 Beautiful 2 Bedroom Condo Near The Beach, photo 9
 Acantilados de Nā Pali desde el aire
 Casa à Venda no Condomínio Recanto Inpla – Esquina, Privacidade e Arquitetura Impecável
---
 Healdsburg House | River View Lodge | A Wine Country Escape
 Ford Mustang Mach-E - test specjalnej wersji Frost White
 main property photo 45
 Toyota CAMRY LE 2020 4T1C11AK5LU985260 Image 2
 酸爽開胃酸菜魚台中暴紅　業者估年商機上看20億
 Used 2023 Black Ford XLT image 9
--
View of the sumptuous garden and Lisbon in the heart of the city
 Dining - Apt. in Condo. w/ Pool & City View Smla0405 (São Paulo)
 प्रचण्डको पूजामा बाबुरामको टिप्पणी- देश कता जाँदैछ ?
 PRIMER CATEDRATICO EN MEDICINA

▶ Task to complete
Take each line above that holds the string "View" and copy it.

▶ Answer to the exercise
 Healdsburg House | River View Lodge | A Wine Country Escape
View of the sumptuous garden and Lisbon in the heart of the city
 Dining - Apt. in Condo. w/ Pool & City View Smla0405 (São Paulo)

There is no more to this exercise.